Our annually updated Asset Class Building Blocks Chart ranks the more important asset classes by their performance for each of the trailing 20 calendar years, with the best performing asset class for each year appearing at the top of its column, and the worst at the bottom.
The chart includes the performance of a hypothetical portfolio macro-allocated according to a 60% equity / 40% fixed income split. The 60/40 hypothetical portfolio invites a closer scrutiny of the asset classes on the chart. After only a cursory examination, a number of observations – some of them quite counterintuitive – leap out at us:
- The 60/40 Portfolio consistently hovers near the middle of the pack, year after year. This is exactly what one wants from a diversified portfolio. Indeed, it is the reason to have a diversified portfolio in the first place: it is less volatile, vis-à-vis all its alternatives, than any of those alternatives, even though it is composed of them, and so enjoys their riskier returns.

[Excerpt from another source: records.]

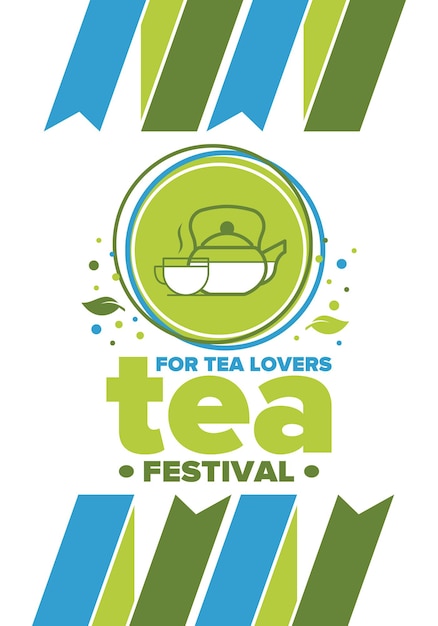 Tea Festival Tea lovers event Tea ceremony Delicious leaf tea Cafes and restaurants Vector art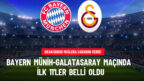 Bayern Münih-Galatasaray Kadrosu Belli Oldu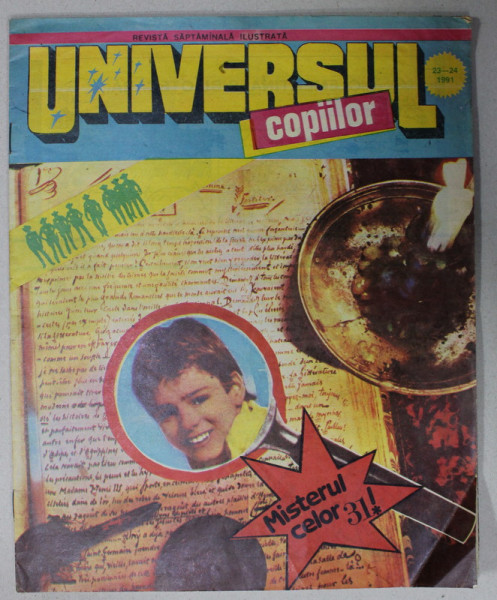 UNIVERSUL COPIILOR , REVISTA SAPTAMANALA ILUSTRATA , NR.23-24  , 1991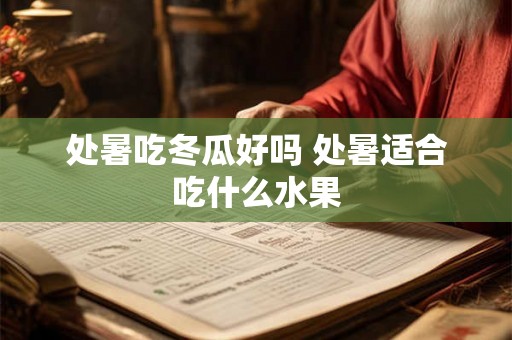 处暑吃冬瓜好吗 处暑适合吃什么水果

- Putting the same point another way: if you trace the path of any one asset class over the whole period covered by the chart, it is rather shocking to see how each and every one of them jinks about so crazily from one year to the next.

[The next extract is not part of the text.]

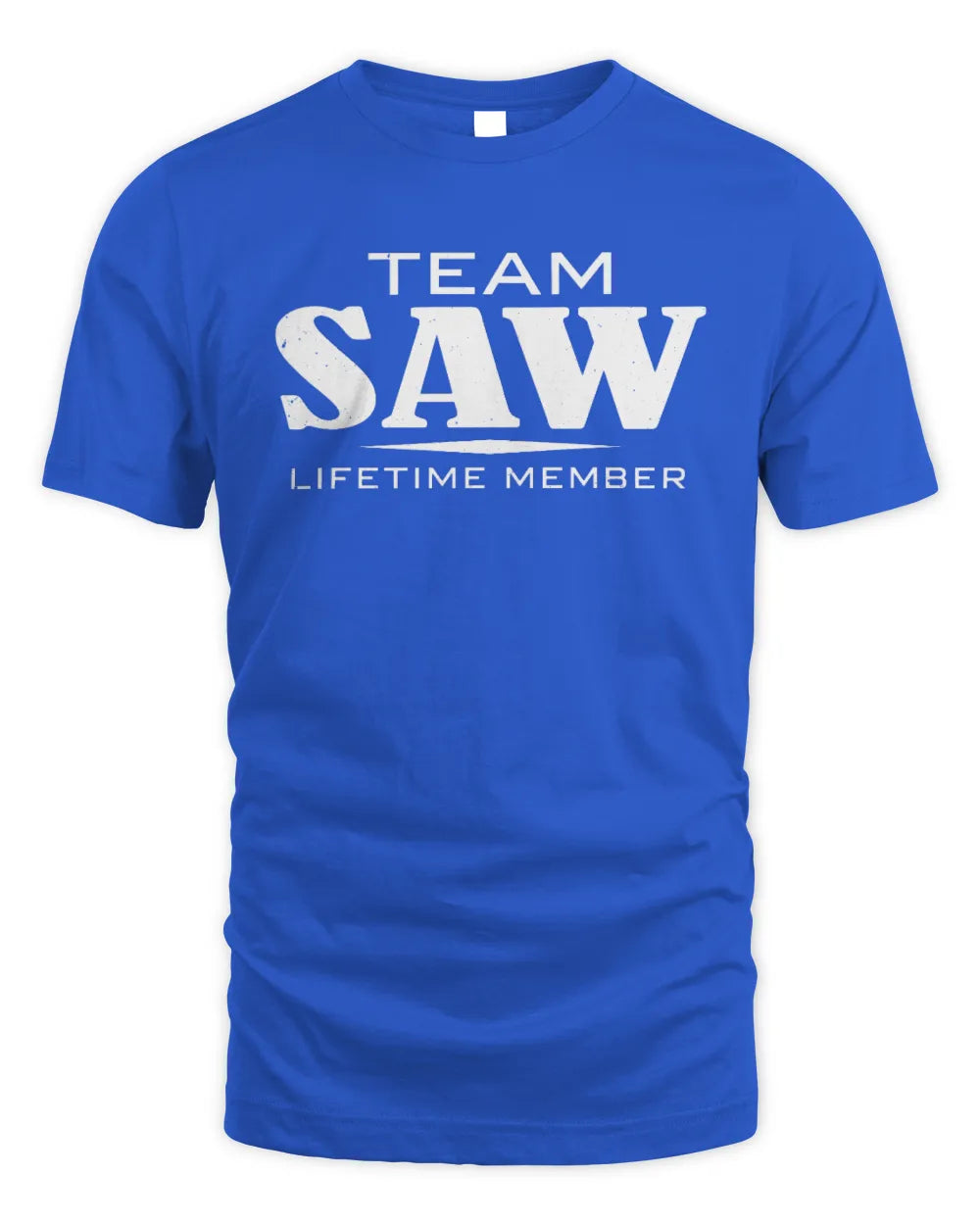 SAW BL62-K4-128 - Personalized “Team NAME Lifetime Member” - Unisex Standard T-Shirt - Royal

- 2018 was a lousy year for investors in everything: the top performing asset class was … 1-Year Treasury Bills! Yes, that’s right: the 2.31% risk free return thrashed all comers.

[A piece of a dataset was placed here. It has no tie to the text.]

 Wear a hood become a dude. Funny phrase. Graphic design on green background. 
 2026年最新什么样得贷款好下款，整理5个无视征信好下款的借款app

- We were recently asked, “Why not just put everything in the S&P 500, since it’s been doing so relatively well lately?”
- The last time we heard this question was in 1999, just before the Tech Crash of 2000 and 9/11. We heard it a lot that year. As you can see from the chart, that Index subsequently suffered a massive repudiation by investors, and did not begin to climb back until 2003.
- The S&P 500 has not actually been doing that well lately, compared to other asset classes. Not that we’re complaining – it’s been doing great – but in 2017 it was trounced by Emerging Markets (!), in 2016 by US Small Company Stock, in 2015 by Foreign Small Stocks (!) … you get the drift.
There are many more such fascinating insights to be gleaned from this terrific chart. Fascinating to finance nerds like us, anyway. Not only are they interesting, they are important.